# BRIEF
Restate word for word the part of the material that runs from the line containing "Terrazza di Il" through its final line, inclusive, minus the pictures.

# THE RECORDS

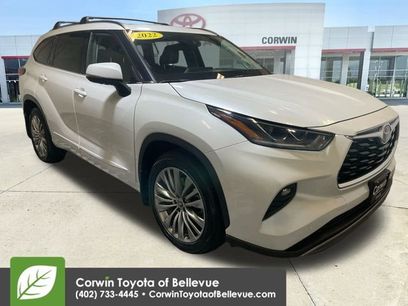 Used 2022 Toyota Highlander Platinum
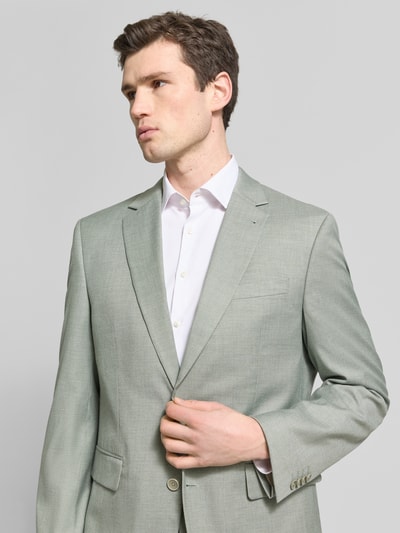 Männermodel trägt Straight Fit Blazer mit Viskose-Anteil von Christian Berg Men in hellem Grau, Elastischer-Material-Mix, Brusttasche, Reverskragen, 2-Knopfleiste, Pattentaschen, Rückenlänge 76 cm, Schulterbreite 49 cm, Ärmellänge 68 cm, Nahaufnahme Oberkörper.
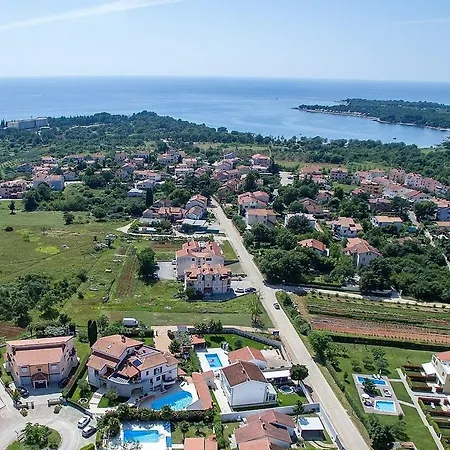 Modern In Croatia With Swimming Pool Poreč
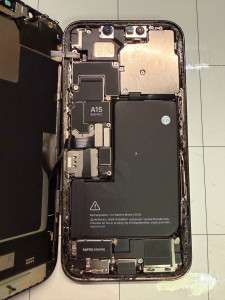 Photo de galerie - Réparation IPhone 13 Pro 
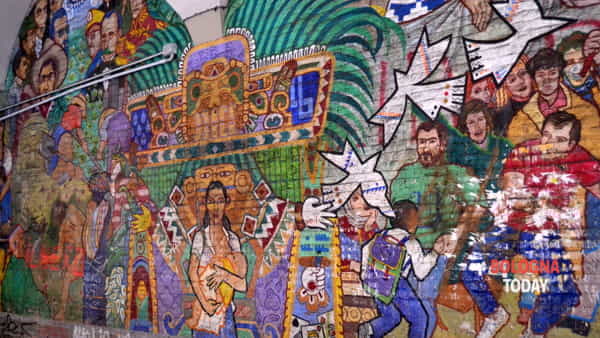 Il murale in Via Zamboni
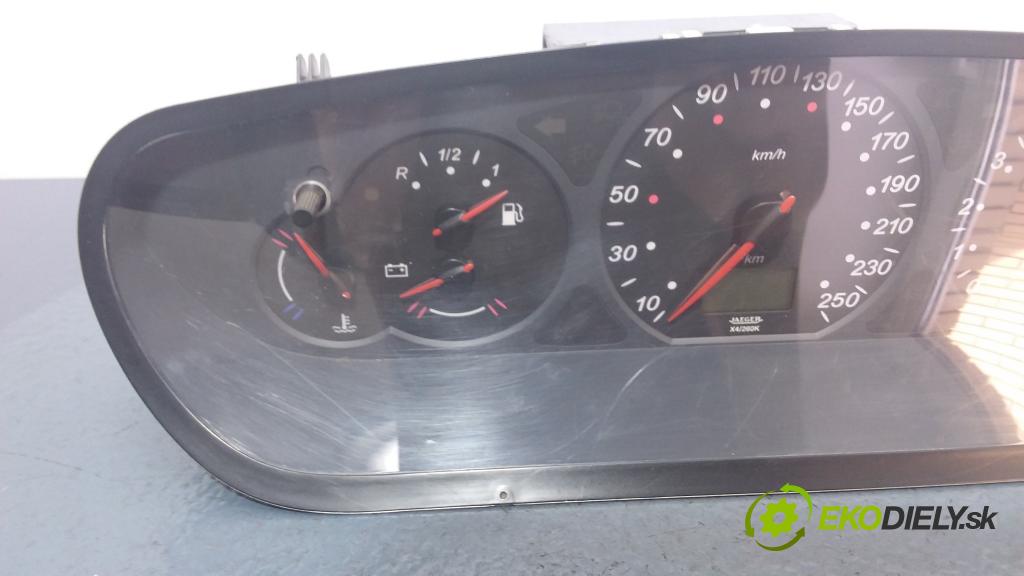 Citroen C5 2002 prístrojovka/ budíky 9635289280
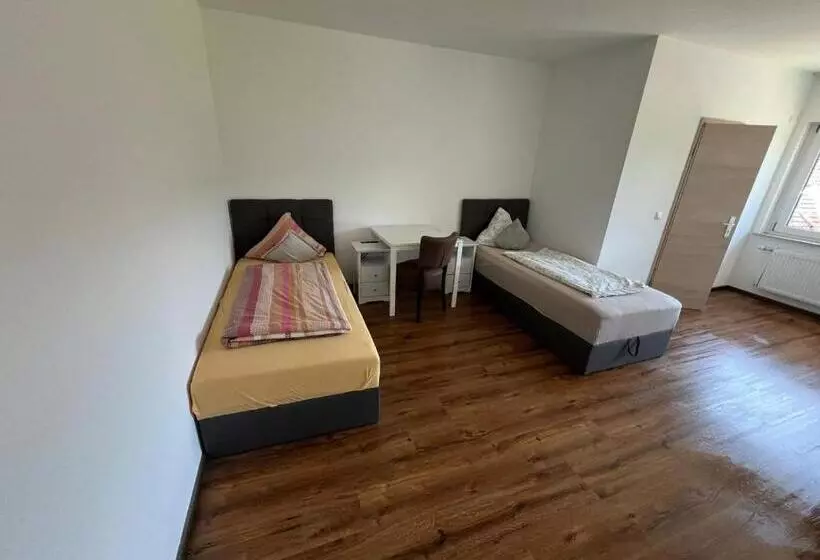 Retkeilymaja Pensionszimmer Mit Gemeinschaftsküche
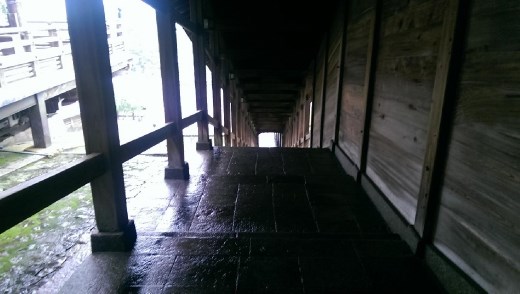 Nigasudo Temple - Steps down the temple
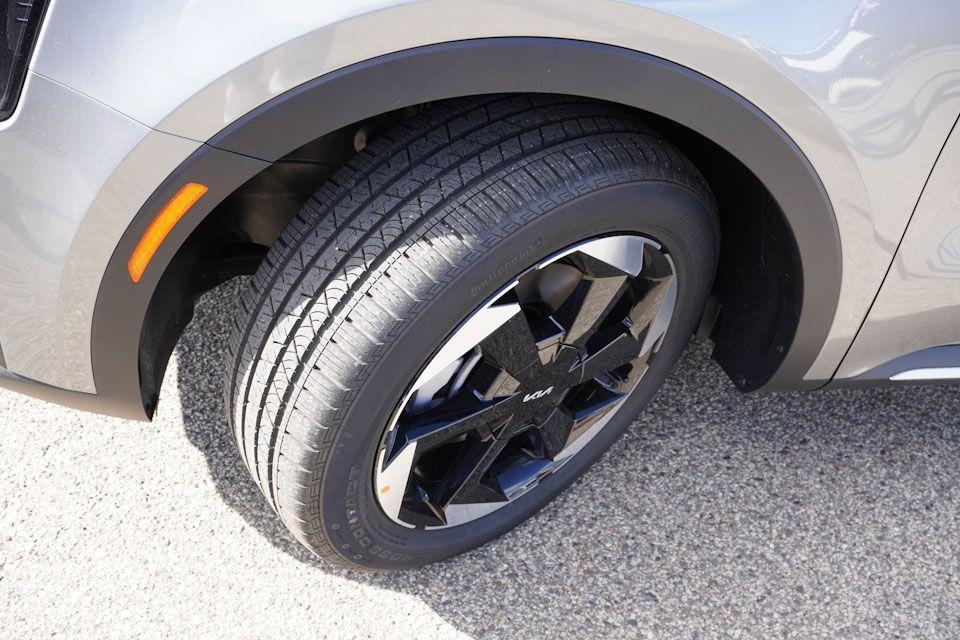 new 2026 Kia Sorento Hybrid car, priced at $41,781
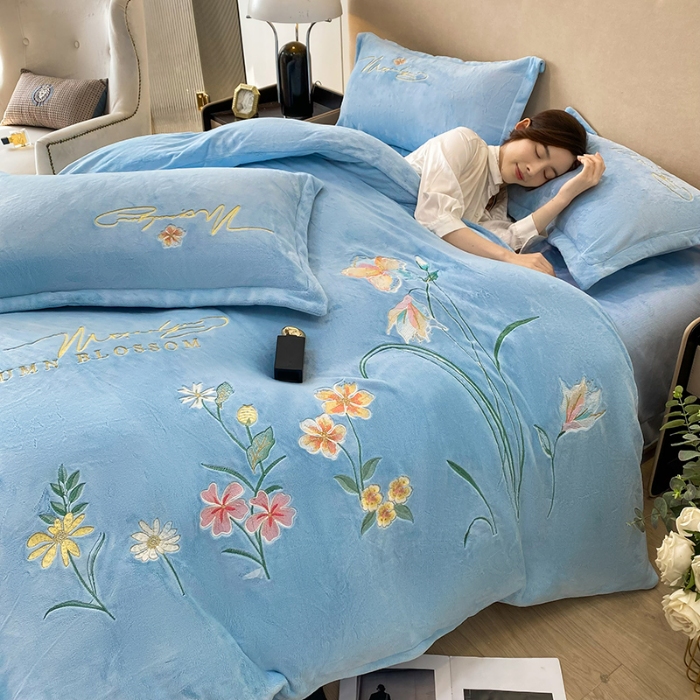 91家纺网 家纺一手货源 找家纺 2025大版花卉牛奶绒四件套小香风高克重加厚兔毛绒240g牛奶绒工艺款刺绣花四件套婴儿宝宝兔兔绒法莱金貂绒刺绣花四件套   莫娜花园-天空蓝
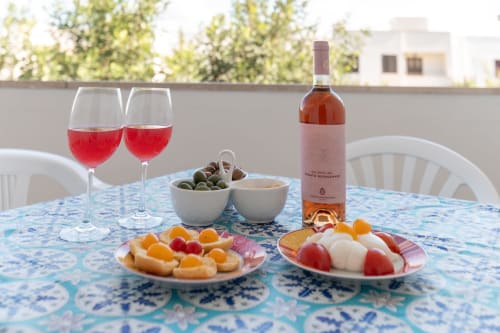 Terrazza di Il Porticciolo con rosé, stuzzichini e posti a sedere con vista sul giardino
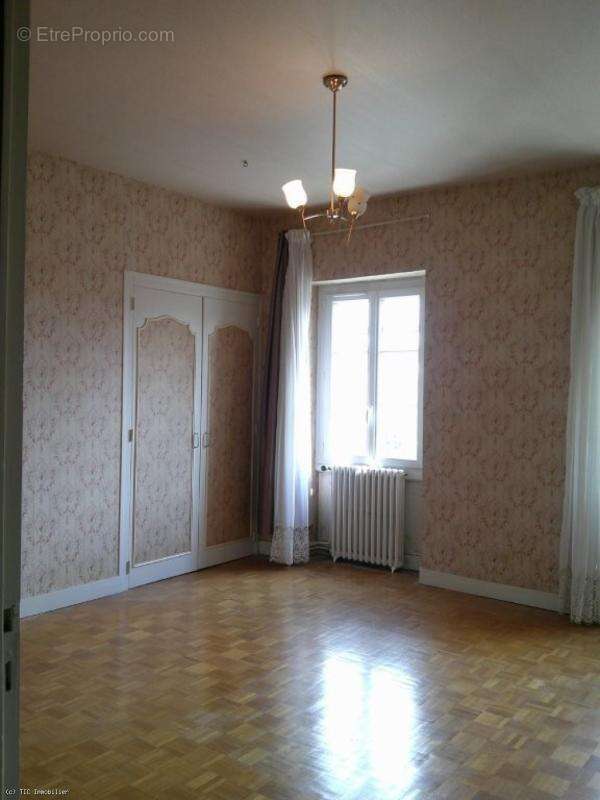 Maison De Campagne Avec Une Deuxième Maison Et D'Autres Dépendances - photo 32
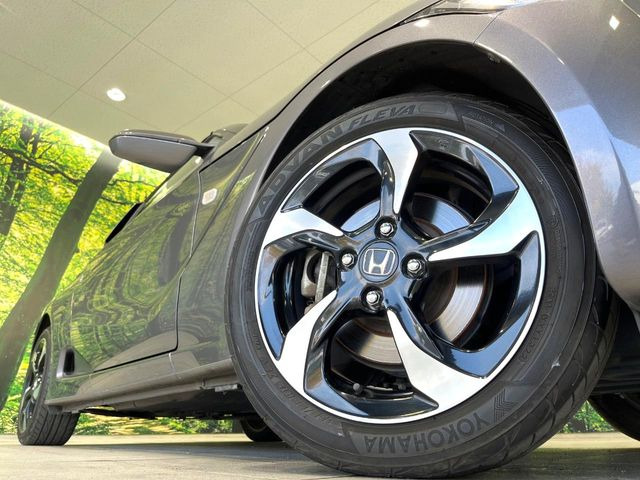 �y����16�C���`�A���~�z�C�[���z�O�ςɃ}�b�`���������A���~�z�C�[���𑕒����Ă���܂��B�e��ЊO�A���~�z�C�[����A�X�^�b�h���X�^�C�����戵�����Ă���܂��B���񂲑��k����������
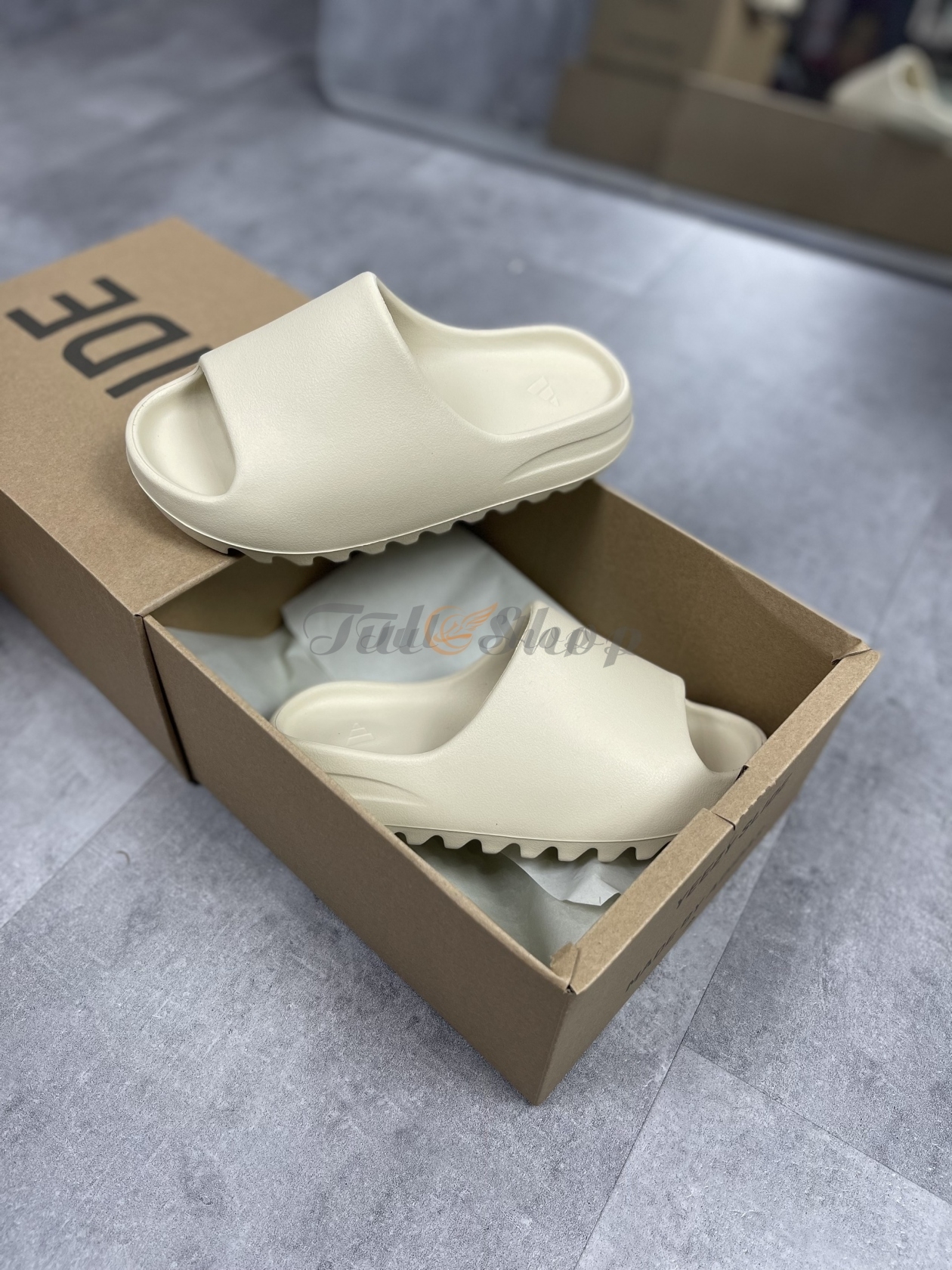 adidas-yeezy-slide-bone-22-7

# ANSWER BELOW
 Terrazza di Il Porticciolo con rosé, stuzzichini e posti a sedere con vista sul giardino
 Maison De Campagne Avec Une Deuxième Maison Et D'Autres Dépendances - photo 32
 �y����16�C���`�A���~�z�C�[���z�O�ςɃ}�b�`���������A���~�z�C�[���𑕒����Ă���܂��B�e��ЊO�A���~�z�C�[����A�X�^�b�h���X�^�C�����戵�����Ă���܂��B���񂲑��k����������
 adidas-yeezy-slide-bone-22-7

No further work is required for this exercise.